Die Republikaner erklärten schon am Dienstag, die in die Regierung eingetretenen Konservativen gehörten nicht mehr zu ihrer Partei. „Der Präsident der Republik will die demokratische Debatte in einer inakzeptablen Alternative zwischen En Marche und den Extremen einschließen”, kritisierte Republikaner-Chef Bernard Accoyer. Die Sozialistische Partei reagierte ihrerseits empört auf das Gewicht konservativer Politiker in der Regierung.

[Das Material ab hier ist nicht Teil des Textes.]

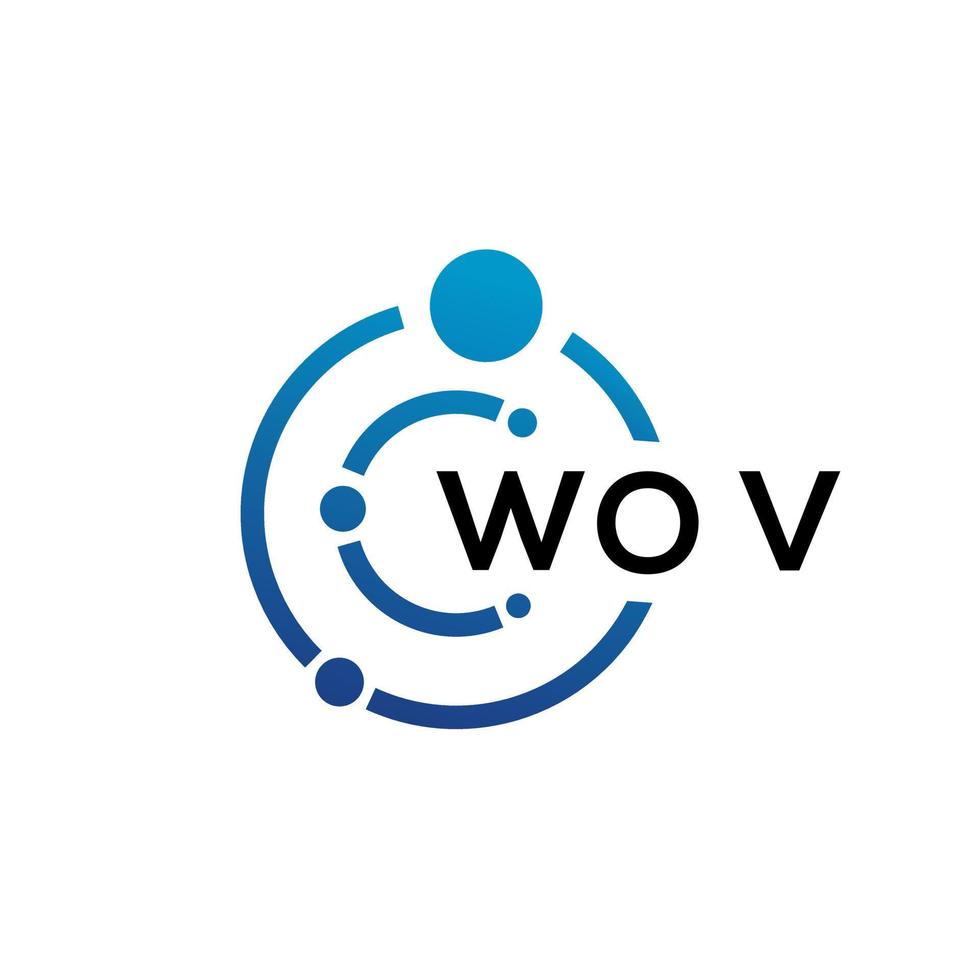 WOV letter technology logo design on white background. WOV creative initials letter IT logo concept. WOV letter design. vector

Macron wolle die die Herrschaft über die gesamte politische Klasse des Landes übernehmen, wetterte Jean-Luc Mélenchon, Chef der linksradikalen Partei „France Insoumise” – „rebellisches Frankreich”. Mélenchon: „Mit der Ernennung von Edouard Philippe hat er die Rechte annektiert. Die Sozialisten sind schon absorbiert.”

Macron will bei den Wahlen zur Nationalversammlung am 11. und 18. Juni eine Mehrheit für seine Reformagenda erringen. Gelingt ihm das nicht, könnte er gezwungen sein, eine neue Regierung mit politischen Gegnern einzusetzen.